§ **Exercise instructions**
When you copy the data, keep every line exactly as written and skip the pictures.

§ **The input**
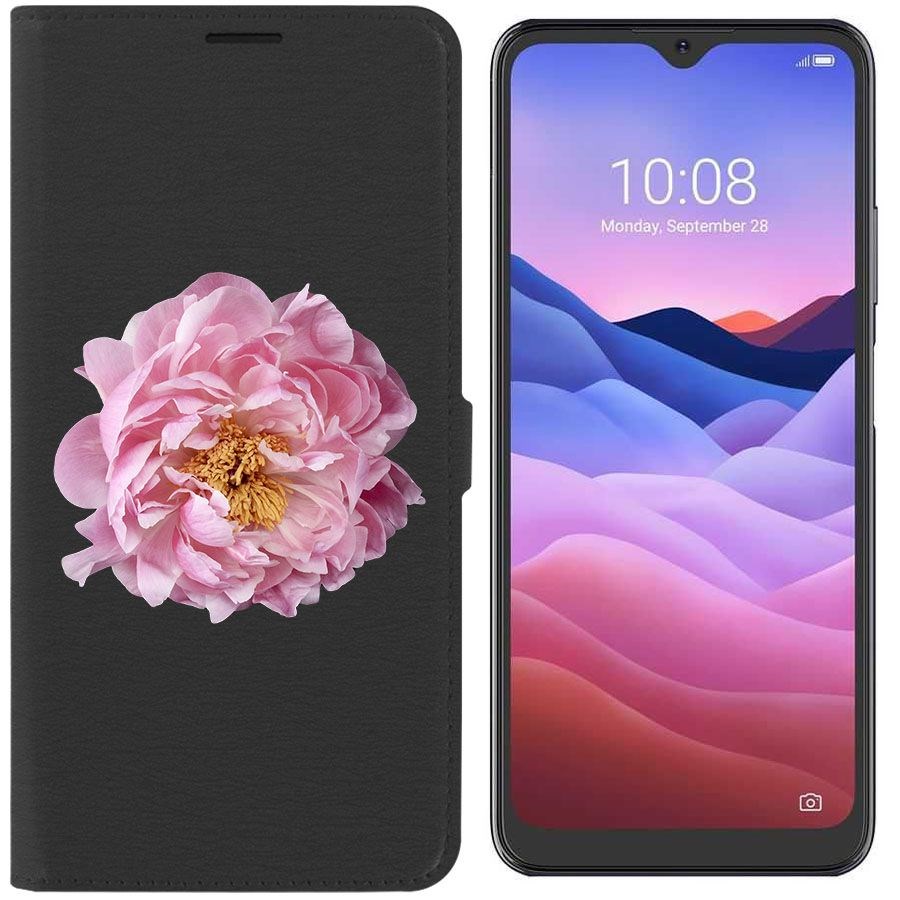 Чехол-книжка Eco Book для ZTE Blade V2020 Розовый пион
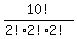 +10%21%2F%282%212%212%21%29+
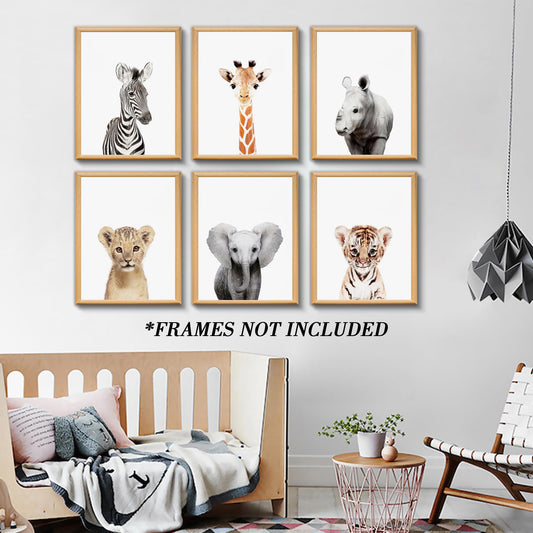 Decoración de Pared Selva Animales Safari para Bebé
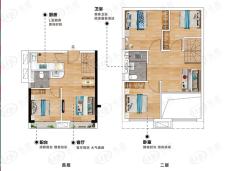 V-city万荟珑寓4室2厅2卫户型图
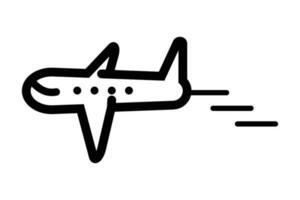 Airplane icon on the move. Aircraft. Vector. vector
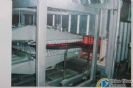 Glass tempering machine for auto glass tempered windscreen and backlite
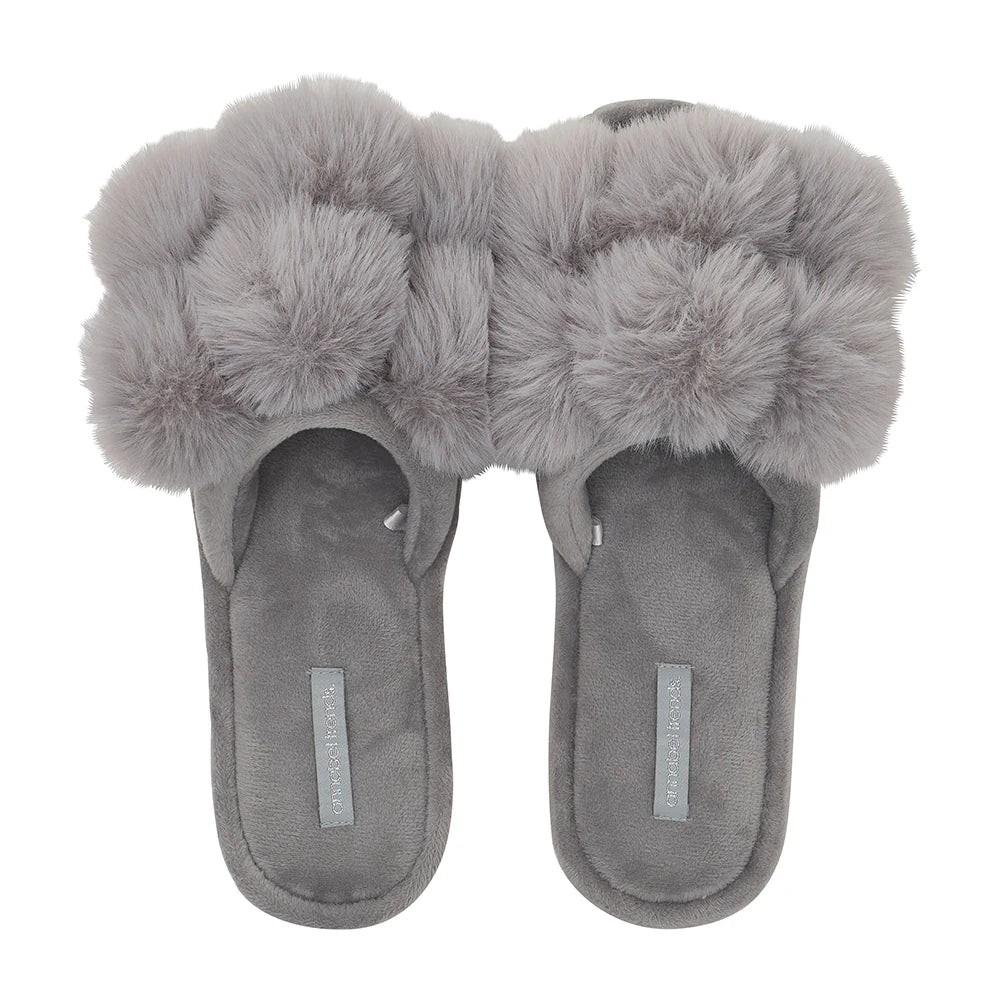 Pom Pom Slippers - Cosy Luxe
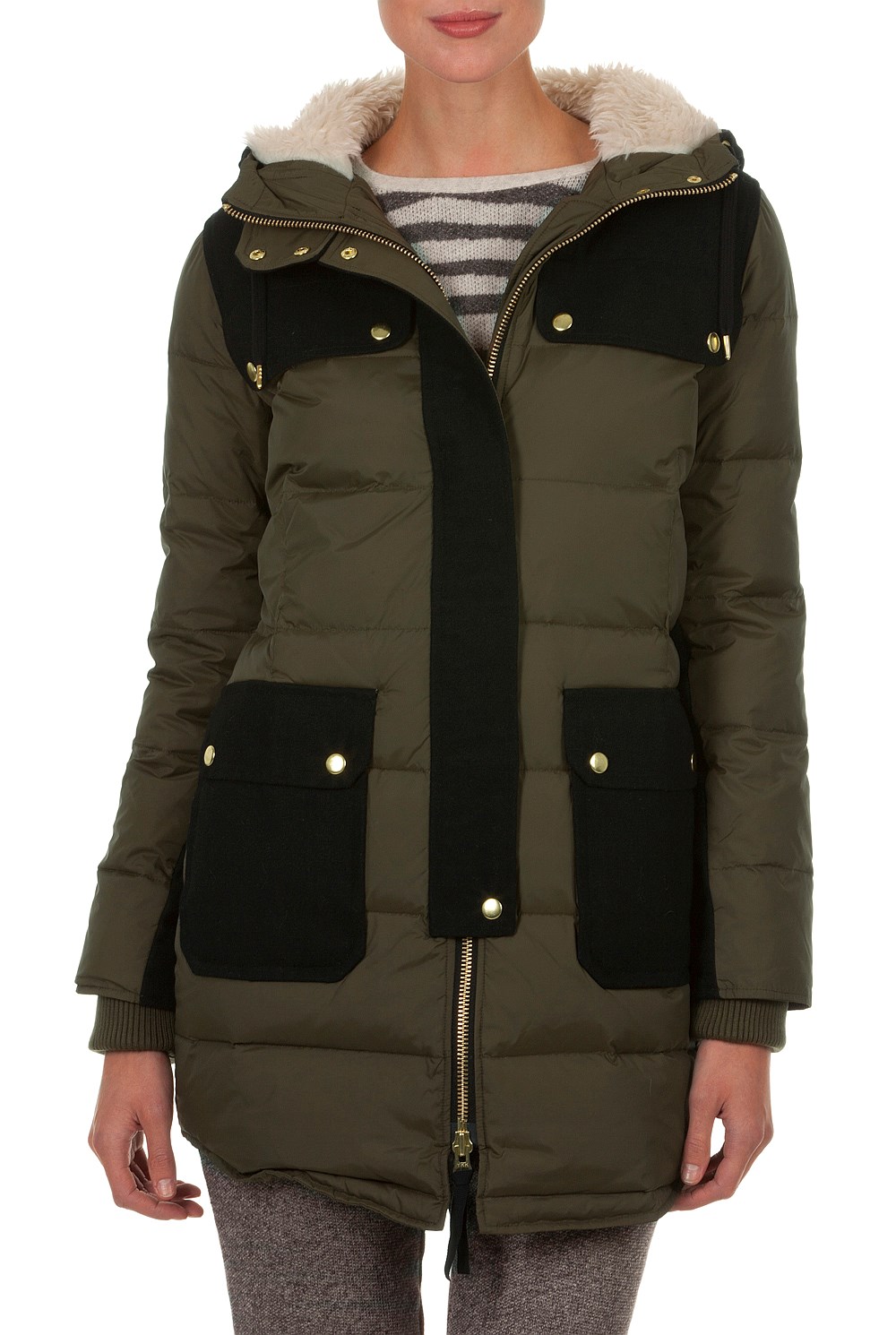 Spliced Padded Parka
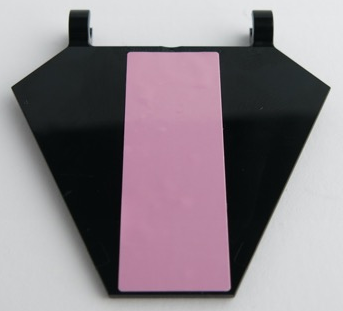 Flag 5 x 6 Hexagonal with Bright Pink Rectangle Pattern (Sticker) - Set 76199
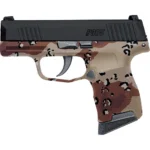 Sig Sauer P365 Custom "Chocolate Chip Hydro Dip Frame" Handgun 9mm Luger 10rd Magazines 3.1" Barrel Black Slide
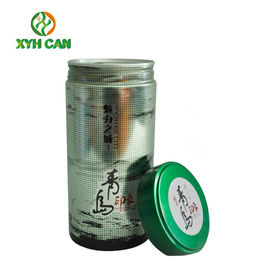 Tea Tin Can Unique Food Grade Box Packaging with Custom Logo Printing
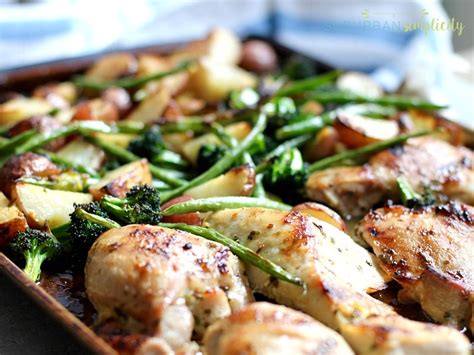 One Pan Honey Garlic Chicken And Vegetables Suburban Simplicity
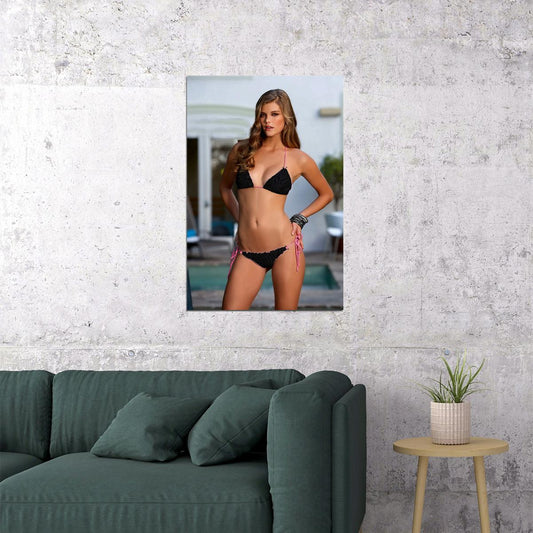Nina Agdal Celebrity Model Cinema Actress Poster Wall Art Print Home Wall Decor - xonomax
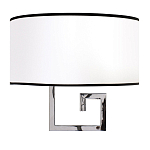 Бра с белым овальным абажуром с черной окантовкой Natural Concepts варинант исполнения - 1 | Loft Concept в Твери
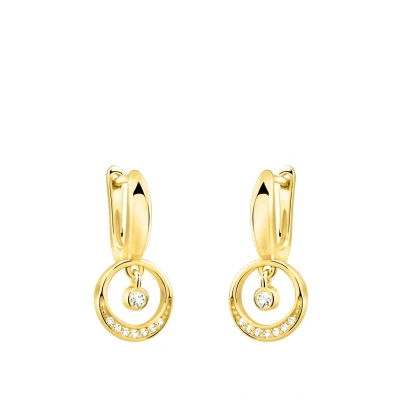 Abbildung von SOFIA MILANI Damen Ohrringe 925 Silber vergoldet/golden &amp; mit Zirkonia Steinen Kreis Ohrhänger E2691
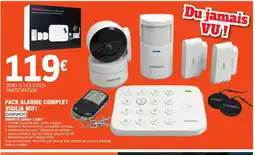 E.Leclerc DAEWOO Pack alarme complet vigilia wifi offre
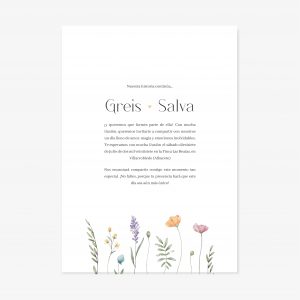 Invitación de boda Camila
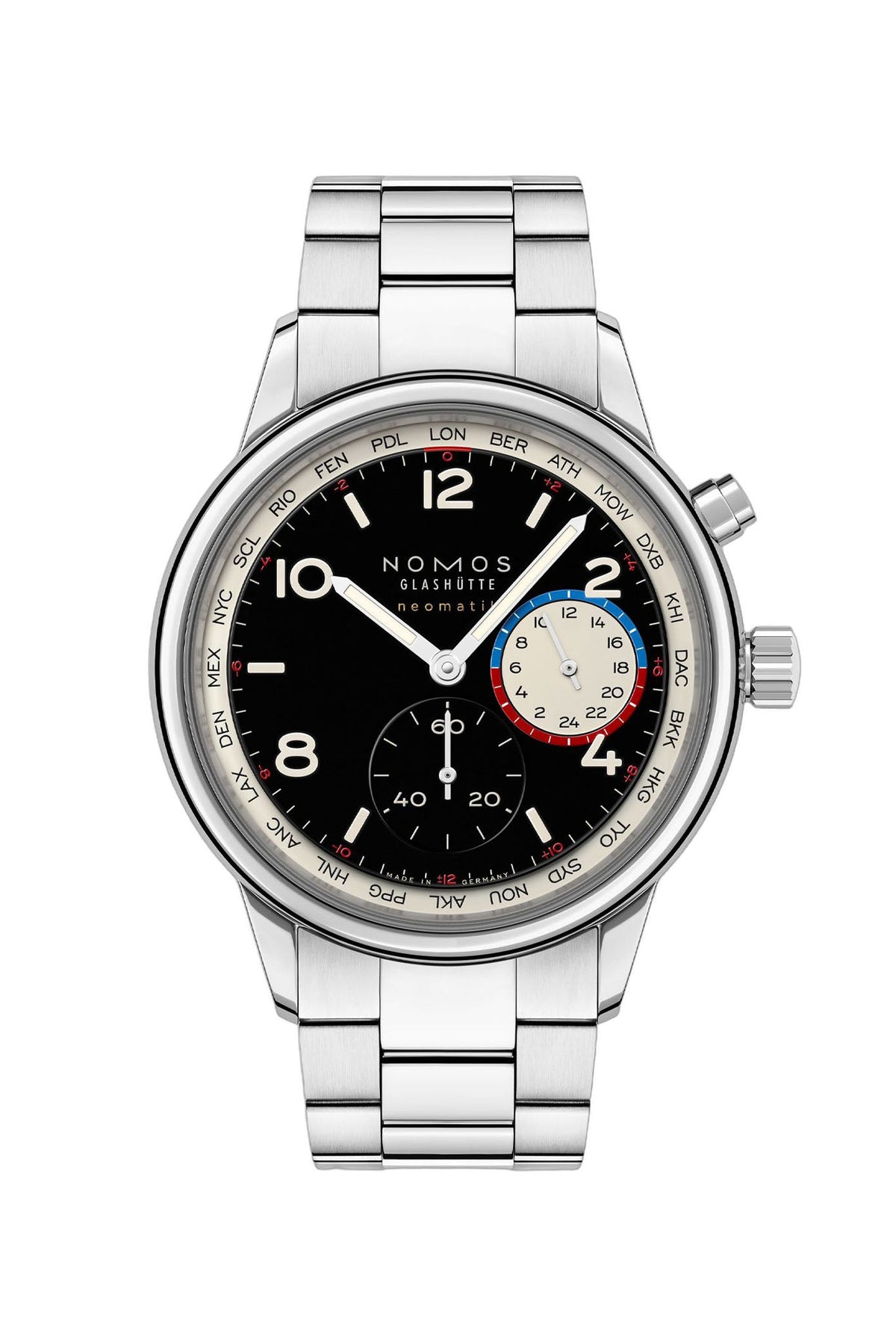 Nomos Glashütte Club Sport Neomatik Worldtimer Dark 793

§ **Response to this task**
 Чехол-книжка Eco Book для ZTE Blade V2020 Розовый пион
 +10%21%2F%282%212%212%21%29+
 Decoración de Pared Selva Animales Safari para Bebé
 V-city万荟珑寓4室2厅2卫户型图
 Airplane icon on the move. Aircraft. Vector. vector
 Glass tempering machine for auto glass tempered windscreen and backlite
 Pom Pom Slippers - Cosy Luxe
 Spliced Padded Parka
 Flag 5 x 6 Hexagonal with Bright Pink Rectangle Pattern (Sticker) - Set 76199
 Sig Sauer P365 Custom "Chocolate Chip Hydro Dip Frame" Handgun 9mm Luger 10rd Magazines 3.1" Barrel Black Slide
 Tea Tin Can Unique Food Grade Box Packaging with Custom Logo Printing
 One Pan Honey Garlic Chicken And Vegetables Suburban Simplicity
Nina Agdal Celebrity Model Cinema Actress Poster Wall Art Print Home Wall Decor - xonomax
 Бра с белым овальным абажуром с черной окантовкой Natural Concepts варинант исполнения - 1 | Loft Concept в Твери
 Abbildung von SOFIA MILANI Damen Ohrringe 925 Silber vergoldet/golden &amp; mit Zirkonia Steinen Kreis Ohrhänger E2691
 E.Leclerc DAEWOO Pack alarme complet vigilia wifi offre
 Invitación de boda Camila
 Nomos Glashütte Club Sport Neomatik Worldtimer Dark 793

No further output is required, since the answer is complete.